Cette session plénière a lieu le jour où le nombre de vols en provenance et à destination de l'espace Schengen (l'espace européen de libre circulation des personnes et des biens) est le plus élevé, ce qui pourrait entraîner des contraintes supplémentaires, le nouveau système d'entrée/sortie (EES) ayant causé des problèmes, principalement dans les aéroports de Lisbonne et de Faro.
Files d'attente
Selon ECO, la manifestation a provoqué d'importantes files d'attente aux contrôles frontaliers aux sorties de l'aéroport Humberto Delgado, jusqu'à la sortie des boutiques hors taxes. La situation était plus régulière aux arrivées.
"Nous considérons que mardi est le jour idéal, car nous devons avoir un certain impact et donner une certaine dimension pour qu'une fois pour toutes, le gouvernement et l'opinion publique comprennent l'état réel du service dans les aéroports et les difficultés que nous rencontrons, car il semble que personne ne veuille nous écouter", a déclaré le président de l'ASPP à Lusa.
Pour Paulo Santos, il est important non seulement de tenir la session plénière pour écouter les policiers, mais aussi d'être à l'extérieur de l'aéroport, dans la zone des arrivées, pour distribuer "quelques informations aux citoyens afin d'expliquer pourquoi les retards se produisent souvent".
Le président du plus grand syndicat de la police de sécurité publique a souligné qu'il ne comprenait pas les raisons qui ont conduit le gouvernement à créer une unité nationale des étrangers et des frontières (UNEF) "dans une police de sécurité publique totalement dépourvue de personnel".

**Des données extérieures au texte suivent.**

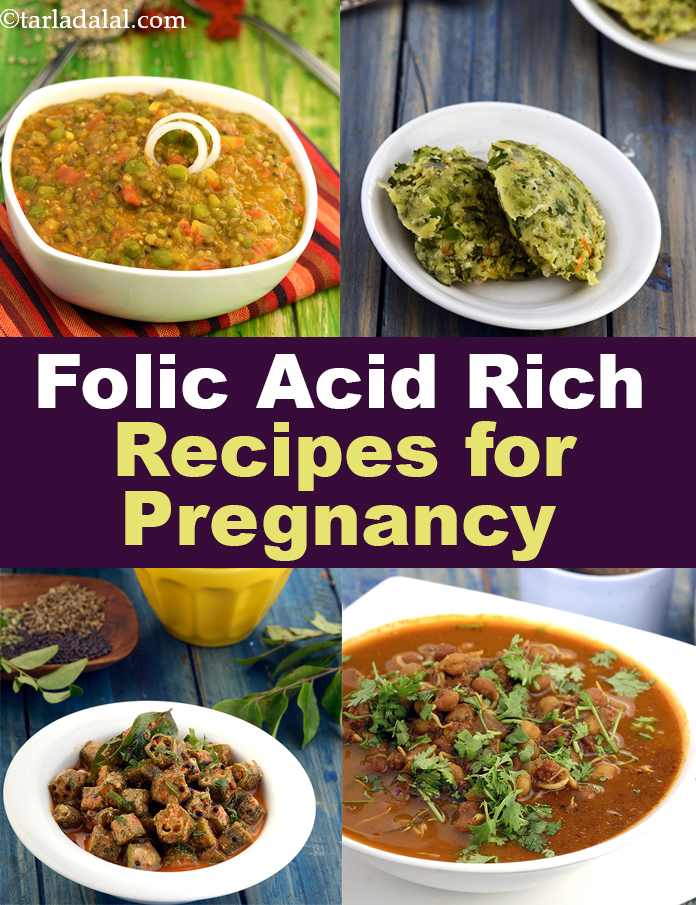 Pregnancy Folic Acid Rich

"Épuisement, surmenage et démotivation
"Nous voyons constamment les commandements du pays perdre de la capacité dans les commissariats pour remplir la mission de l'UNEF", a-t-il dénoncé, soulignant que les policiers travaillant dans les aéroports, notamment à Lisbonne, sont "totalement épuisés et démotivés par cette situation". Selon Paulo Santos, le PAES a reçu plusieurs plaintes de policiers souffrant "d'épuisement, de burnout et de démotivation".

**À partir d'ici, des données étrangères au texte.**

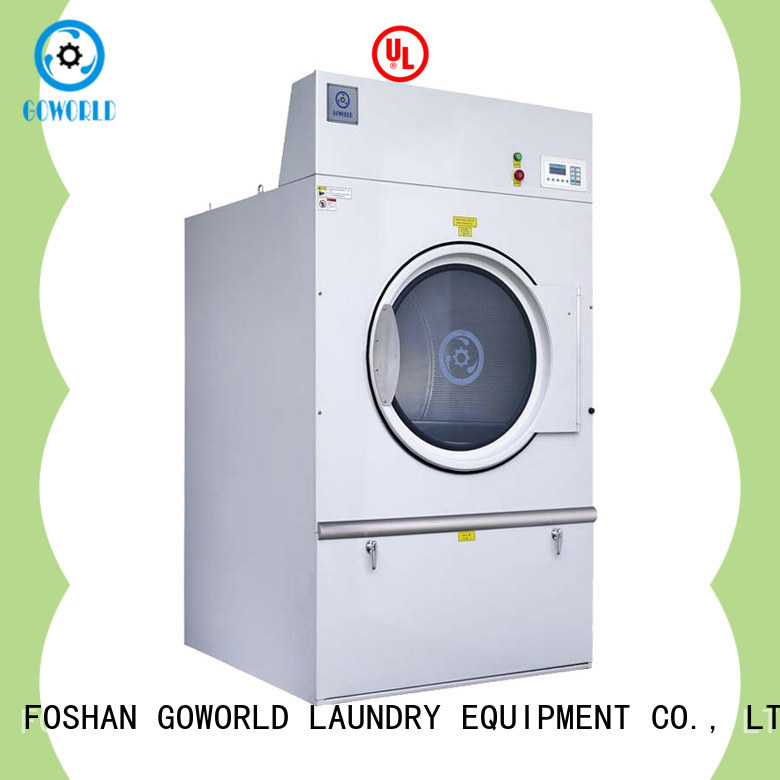 high quality tumble dryer machine heating for drying laundry cloth for laundry plants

"Nous voyons nos collègues surchargés de travail, mais aussi confrontés à l'idée, souvent véhiculée à l'étranger, que les retards, les difficultés et les contraintes qui existent dans les aéroports sont de la responsabilité de la police, ce que nous n'acceptons pas", a-t-il déclaré.

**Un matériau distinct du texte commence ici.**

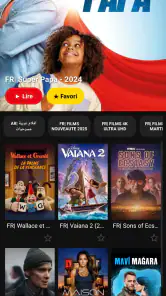 IPTV Nova - TV ao vivo M3U VOD screenshot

Il a affirmé que la cause première de ces retards "ne provient pas du service de police lui-même, mais du manque de ressources et même de la capacité structurelle de l'aéroport", a-t-il souligné. Paulo Santos a soutenu que, outre l'augmentation des effectifs de police, il est également nécessaire de créer des conditions de travail technologiques et physiques, mais surtout de cesser de traiter les policiers "comme une police 'low cost'", considérant qu'ils devraient être "valorisés et compensés" par l'octroi d'un supplément aéroportuaire, comme cela a été le cas pour les anciens inspecteurs de la SEF.